Dans la nouvelle Petit déjeuner chez Tiffany de Truman Capote, Holly est une prostituée, une « geisha américaine » comme aime à le rappeler l’auteur, à la recherche d’un mari riche dans le New York des années 40. Une âme perdue et acerbe, bien réelle et dure à cuire. Elle a 19 ans, fume de la marijuana et aime aussi les filles. Son histoire est racontée par un narrateur anonyme, un écrivain homosexuel avec qui elle vit une amitié platonique. Dans le film Diamants sur Canapé, Holly est une douce trentenaire fantasque qui met son téléphone dans une valise et ses chaussures dans le frigo et qui se relaxe dans une demi-baignoire transformée en canapé, une fille attachante et paumée débarquée de la cambrousse texane. Elle défend farouchement son indépendance mais se verrait bien la perdre pour une cage dorée. Jusqu’à ce qu’elle tombe amoureuse de son voisin écrivain, Paul Vartack. En voyant le film en 1961, Truman Capote crie à la trahison. Mais en vendant, trois ans plus tôt, les droits de son livre pour 650 000 dollars, il a aussi abandonné toute implication dans son adaptation.
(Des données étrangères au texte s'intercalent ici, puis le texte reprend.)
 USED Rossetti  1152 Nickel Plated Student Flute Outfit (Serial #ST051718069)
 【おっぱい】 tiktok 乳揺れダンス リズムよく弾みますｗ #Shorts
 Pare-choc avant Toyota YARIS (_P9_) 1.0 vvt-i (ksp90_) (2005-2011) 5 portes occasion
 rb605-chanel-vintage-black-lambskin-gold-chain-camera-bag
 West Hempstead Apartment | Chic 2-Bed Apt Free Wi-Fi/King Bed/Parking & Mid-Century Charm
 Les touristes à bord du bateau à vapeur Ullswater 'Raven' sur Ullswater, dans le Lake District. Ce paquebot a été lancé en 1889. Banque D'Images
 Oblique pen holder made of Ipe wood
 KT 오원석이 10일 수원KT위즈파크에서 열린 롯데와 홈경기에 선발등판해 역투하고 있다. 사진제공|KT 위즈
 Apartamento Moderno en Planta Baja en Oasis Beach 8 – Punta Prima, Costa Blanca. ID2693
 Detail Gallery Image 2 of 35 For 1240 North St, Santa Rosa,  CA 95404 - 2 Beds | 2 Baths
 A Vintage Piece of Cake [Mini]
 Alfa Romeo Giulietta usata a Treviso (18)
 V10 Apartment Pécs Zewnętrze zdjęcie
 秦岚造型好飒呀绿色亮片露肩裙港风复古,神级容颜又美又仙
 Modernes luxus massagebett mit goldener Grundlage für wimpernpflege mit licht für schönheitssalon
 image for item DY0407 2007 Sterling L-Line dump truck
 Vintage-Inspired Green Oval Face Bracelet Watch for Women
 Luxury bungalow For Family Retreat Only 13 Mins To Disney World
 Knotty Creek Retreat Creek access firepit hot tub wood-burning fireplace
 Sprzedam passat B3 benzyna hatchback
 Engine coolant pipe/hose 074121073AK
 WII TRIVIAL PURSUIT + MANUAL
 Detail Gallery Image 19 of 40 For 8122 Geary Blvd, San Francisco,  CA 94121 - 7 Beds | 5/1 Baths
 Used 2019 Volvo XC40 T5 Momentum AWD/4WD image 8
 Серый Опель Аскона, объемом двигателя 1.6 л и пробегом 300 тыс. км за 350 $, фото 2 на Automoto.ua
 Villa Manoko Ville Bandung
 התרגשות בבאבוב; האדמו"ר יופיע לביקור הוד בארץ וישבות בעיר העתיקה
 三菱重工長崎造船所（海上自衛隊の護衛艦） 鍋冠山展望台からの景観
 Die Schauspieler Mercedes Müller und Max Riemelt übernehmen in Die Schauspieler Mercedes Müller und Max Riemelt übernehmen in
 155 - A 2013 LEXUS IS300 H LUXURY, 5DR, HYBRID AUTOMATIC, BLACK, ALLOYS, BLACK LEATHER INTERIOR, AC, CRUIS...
Holly soit qui mal y pense
Les acheteurs, les deux producteurs Marty Jurow et Richard Sheperd, se sont pourtant engagés à rester fidèles à l’écrit. Cependant, ils savent pertinemment que la Paramount, pour qui ils se sont lancés dans le projet, n’acceptera pas Petit déjeuner chez Tiffany tel quel. Et encore moins la censure de l’époque. Ce qui passe en littérature ne passe pas sur grand écran. Le but est de faire un film commercial qui plaira au plus grand nombre sans froisser les valeurs morales de chacun. Une comédie romantique est encore ce qui est le moins risqué.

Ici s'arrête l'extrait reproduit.